I’ve been absolutely terrible with posting on this challenge.  But, rest assured, I haven’t quit on it.  I’ve been following through with the plan and, while it was a rough few weeks to start, I’m finally seeing some damn progress.

Starting Numbers

Weight – 71 kg

Waist Measurement – 85.5 cm

This Week’s Numbers

Weight – 70 kg

Waist Measurement – 84.5 cm

Now, you may be looking at this and thinking “shit, 1 kg of weight loss for 5 weeks of dieting!?  That’s pretty terrible bro”.

It is pretty bad, I won’t lie.  But there were definitely a few silver linings to the whole thing.

Let’s start with food quality.  If you’re at all familiar with my dieting history, you know that, while I got pretty good at keeping the quantity under control, the quality of what I put in my body has been pretty atrocious.  Pasta, cookies, chocolate, pancakes…what can I say, I’m still a fat kid a heart, and I love me some junk food.

I’ve tried a lot over the last two years to improve in this area, but haven’t really had much success.

But I think I’ve finally turned the corner on that.  Over the last 5 weeks, I’ve made SERIOUS improvements to my diet.  All that junk has been replace with real, quality food – fruits, vegetables, sweet potatoes, oatmeal, lean meats, protein powder – hell, I honestly don’t think a day has gone by where I haven’t eaten vegetables (if you know me, you know this is a kind of a big deal).

I still have the odd treat here and there.  But it’s now gotten to the point where 70% of my diet is quality food, and the other 30% is junk (again, pretty damn good for a fat kid at heart).
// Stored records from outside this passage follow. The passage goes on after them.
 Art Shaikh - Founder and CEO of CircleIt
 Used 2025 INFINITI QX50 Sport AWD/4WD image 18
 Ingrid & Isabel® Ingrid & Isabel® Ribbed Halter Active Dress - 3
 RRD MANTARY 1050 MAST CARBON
So why haven’t I lost more weight?  Again, food quantity.  For the first three or four weeks as I was making changes in my food choices, I was able to lower the calories – but not quite enough.  I as basically just on the edge of my caloric maintenance.

Over the last two weeks, I made some minor tweeks to my calories, and started adding in one day per week of fasting.  That seemed to do the trick, and has pushed my calories down to the point where I’m in a deficit and (finally) losing weight.
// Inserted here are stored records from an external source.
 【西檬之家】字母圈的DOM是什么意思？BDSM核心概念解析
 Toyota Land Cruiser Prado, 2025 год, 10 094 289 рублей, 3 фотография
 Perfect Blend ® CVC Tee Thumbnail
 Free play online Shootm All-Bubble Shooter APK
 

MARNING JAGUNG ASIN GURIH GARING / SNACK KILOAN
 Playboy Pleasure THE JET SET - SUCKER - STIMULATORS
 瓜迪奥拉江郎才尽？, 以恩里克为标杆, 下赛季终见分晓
Needless to say…I’ll be sticking with that weekly fasting day (and probably adding one more in).

While the challenge officially ends in early February, I think it’s safe to say that I won’t hit my goal.  But I’m still going to carry on with the challenge as if I will.  Likely what I’ll do is simply continue with the cutting diet beyond February.  What I’d like to do is power straight through until April, and cut down the high 130’s (137-140 pounds-ish).

That’s about 15 more pounds of weight loss, and would put me at a new level of leanness that I haven’t hit before.

To put it in perspective, when I finished my first 60 day challenge, I got down to about 145 and 16% body fat (I know, I estimated myself at 12% body fat at the time…a professional body fat analysis revealed that to be wishful thinking 😉

That’s the leanest I’ve ever been.  Getting down to the high 130’s would put me solidly in the 12-14% body fat range, which would be AWESOME.